── Entries shown ──
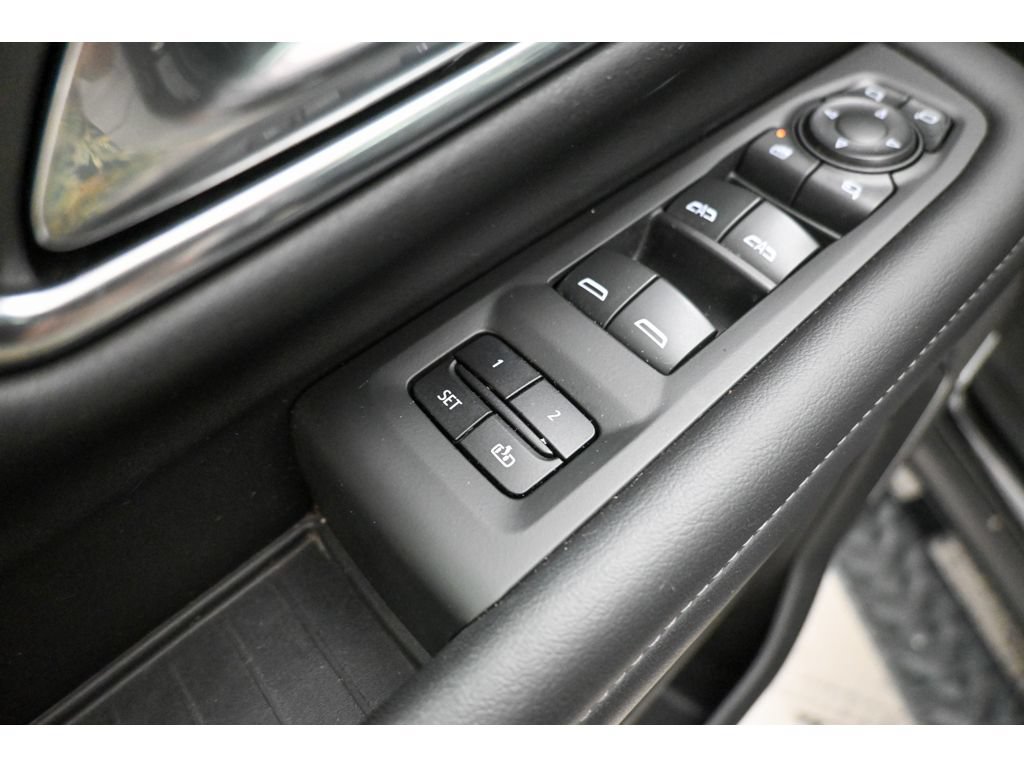 Used 2022 Chevrolet Tahoe Z71 w/ Luxury Package AWD/4WD image 21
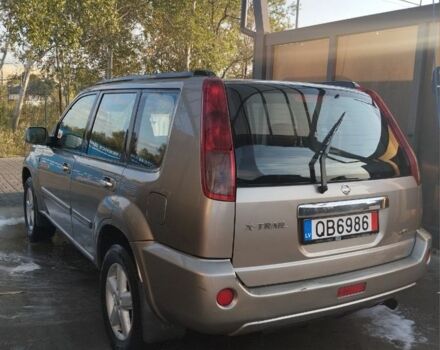 Сірий Ніссан ІксТрейл, об'ємом двигуна 2.2 л та пробігом 236 тис. км за 3700 $, фото 2 на Automoto.ua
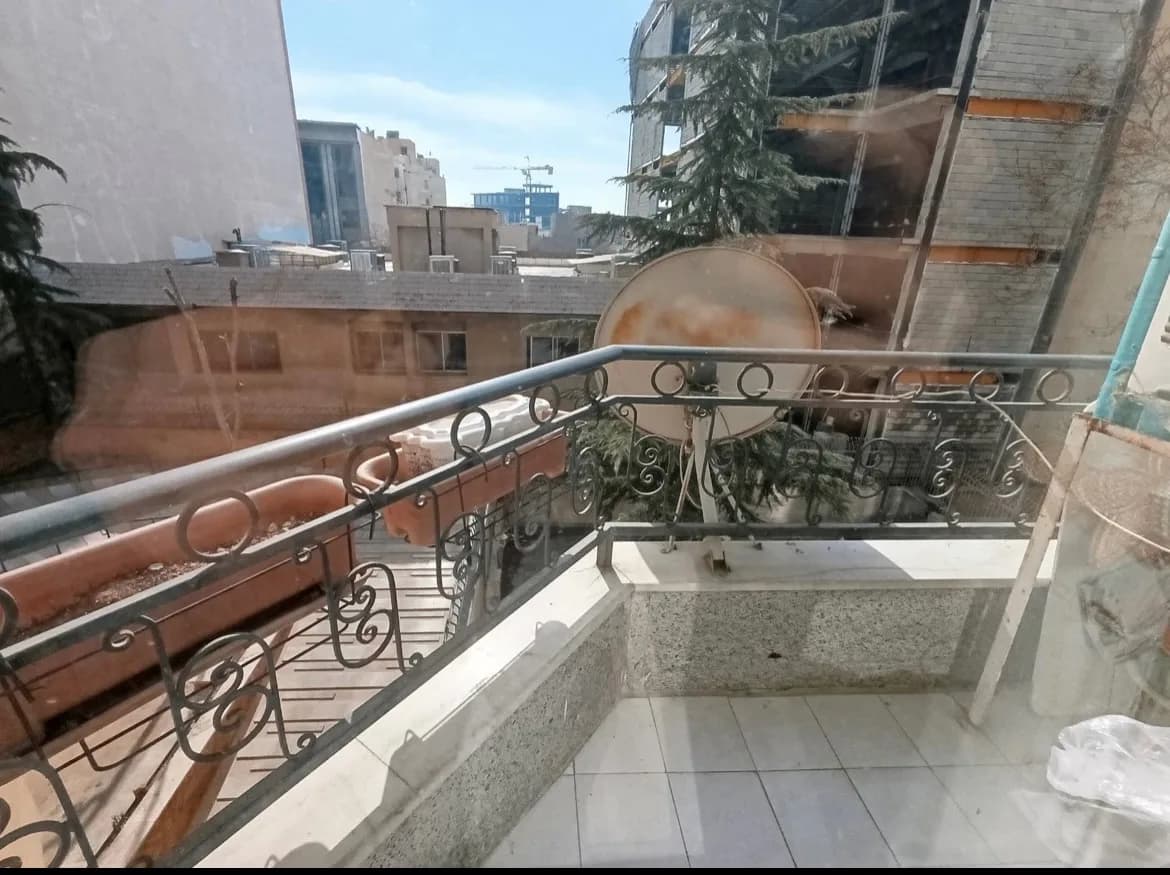 ۹۶ متر بازسازی شده سعادت آباد بالای کاج - تصویر 2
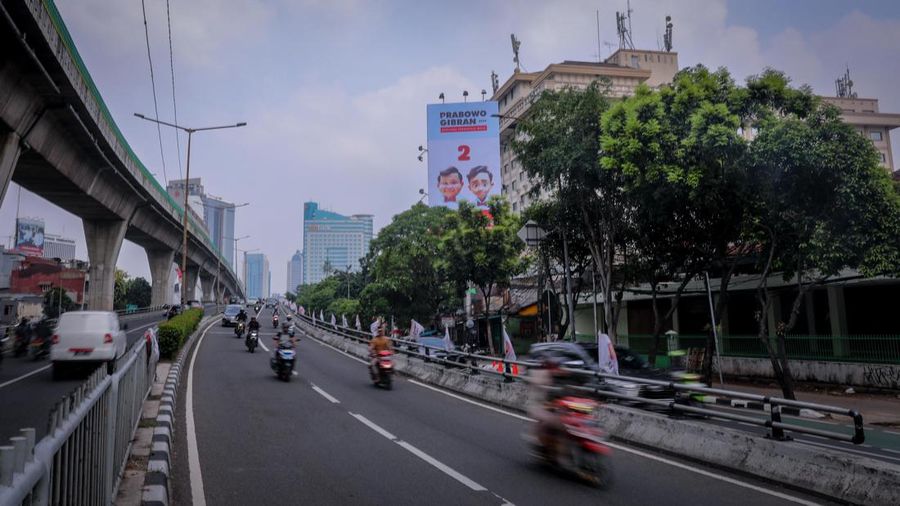 Baliho pasangan capres-cawapres Prabowo Subianto dan Gibran Rakabuming. (վ/Faisal Rahman)
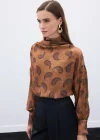 Degaje Yaka Desenli Bluz - Kahve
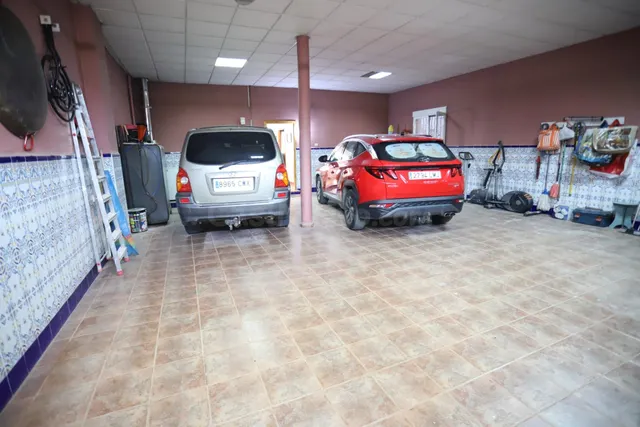 CASA EN ESQUINA CON GARAJE DE 87 METROS, DORMITORIO Y BAÑO E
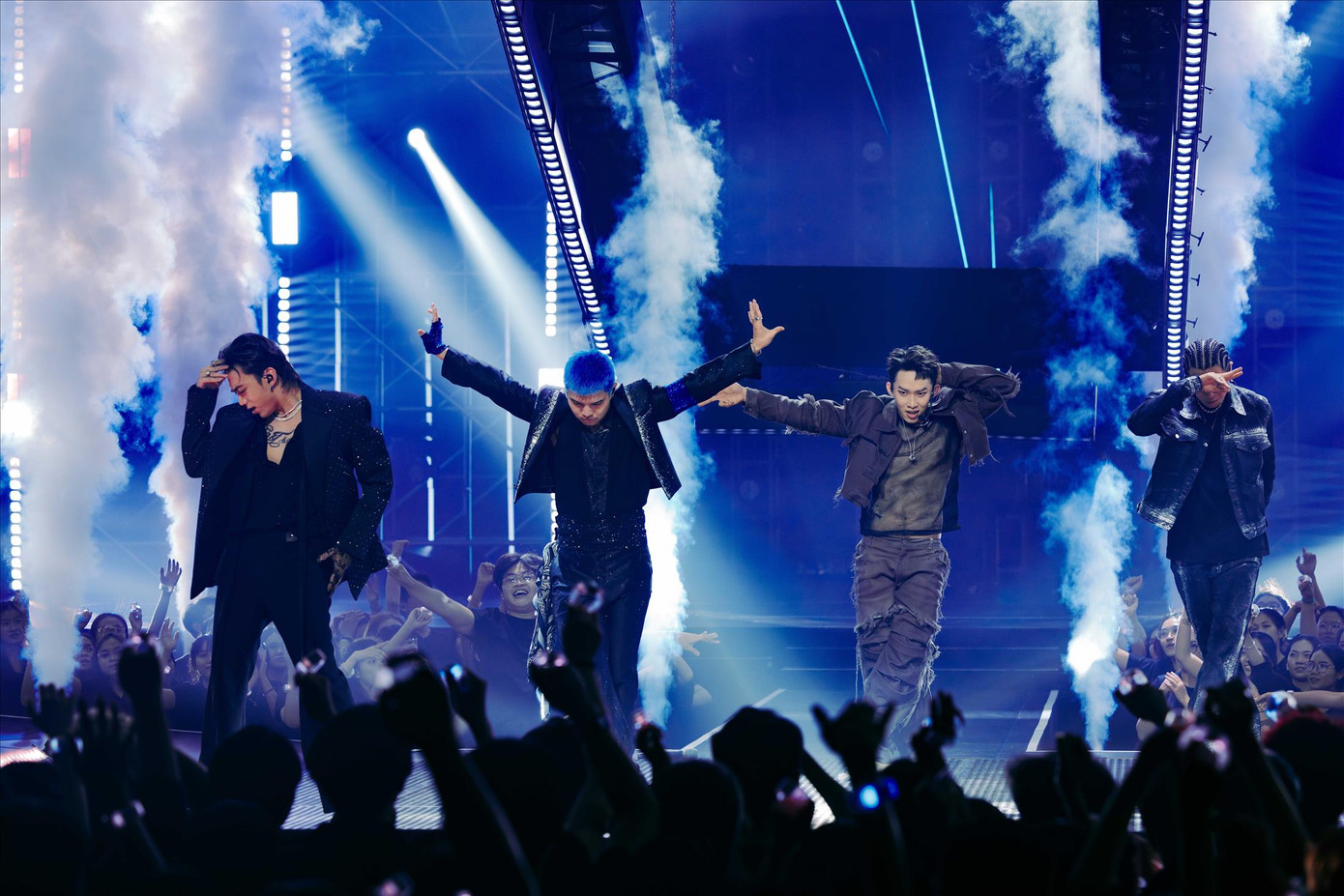 Hai gameshow thu hút 63 nam nghệ sĩ cùng lúc phủ sóng truyền hình và mạng xã hội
───
Prompt: Only the lines from the one containing "CASA EN ESQUINA" through the end of the listing should be output, word for word and inclusive; keep pictures out.

Answer to this task:
 CASA EN ESQUINA CON GARAJE DE 87 METROS, DORMITORIO Y BAÑO E
 Hai gameshow thu hút 63 nam nghệ sĩ cùng lúc phủ sóng truyền hình và mạng xã hội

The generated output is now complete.